Provided entries:

_ _ _ _

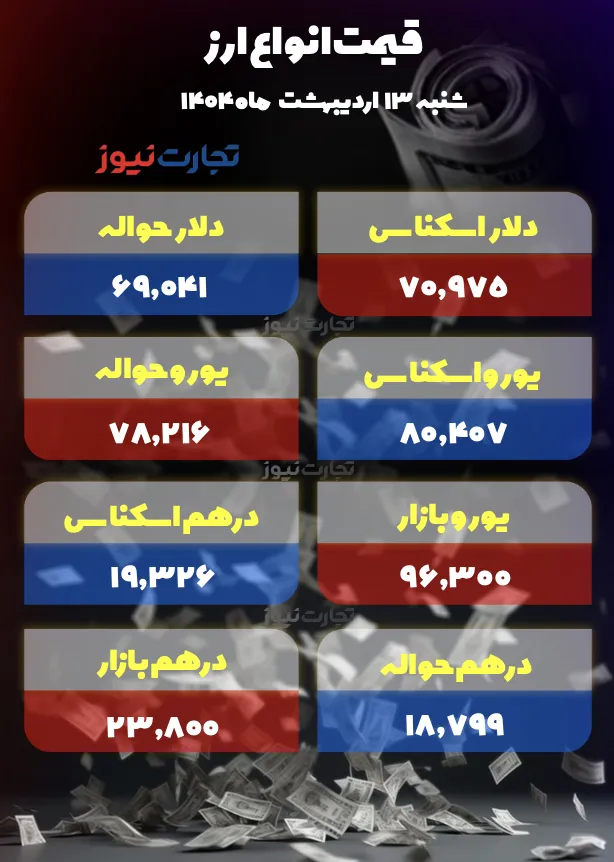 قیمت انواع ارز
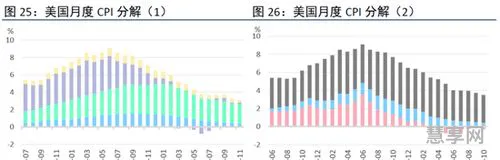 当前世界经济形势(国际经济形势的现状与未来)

_ _ _ _

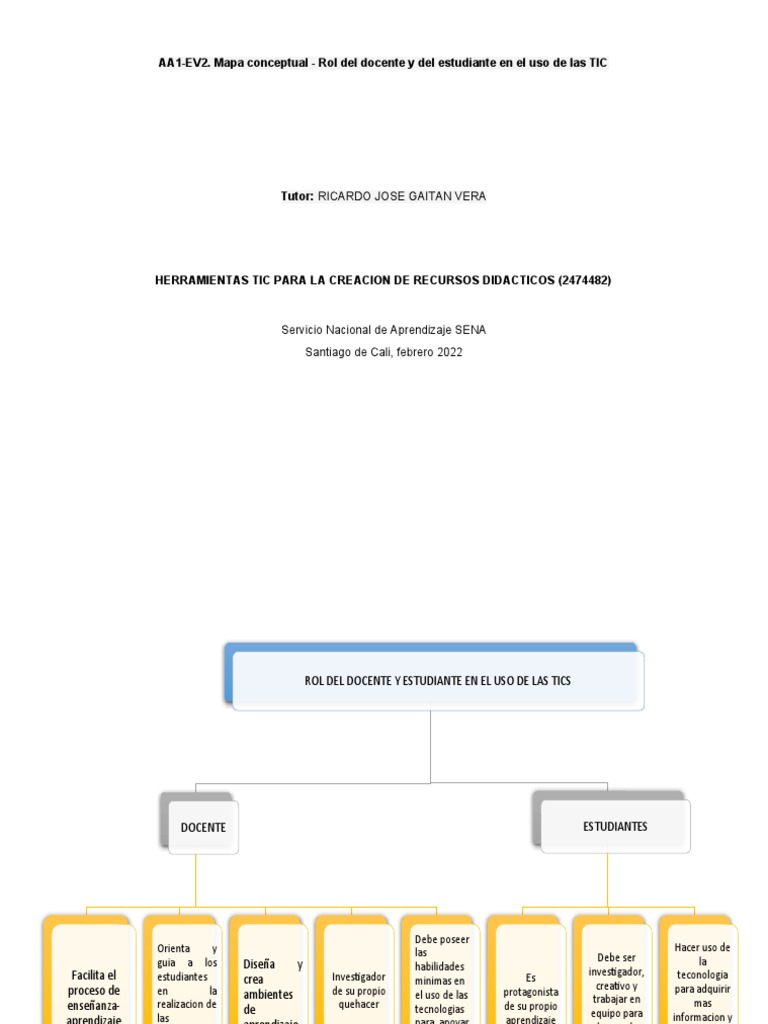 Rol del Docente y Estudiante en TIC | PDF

_ _ _ _

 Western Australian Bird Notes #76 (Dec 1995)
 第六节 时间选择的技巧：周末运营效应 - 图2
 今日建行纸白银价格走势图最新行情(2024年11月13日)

_ _ _ _

What this task involves: Retype exactly, and only, the lines above from the one where "第六节 时间选择的技巧：周末运营效应 - 图2" occurs up to and including the one where "今日建行纸白银价格走势图最新行情(2024年11月13日)" occurs.

Problem solution:
 第六节 时间选择的技巧：周末运营效应 - 图2
 今日建行纸白银价格走势图最新行情(2024年11月13日)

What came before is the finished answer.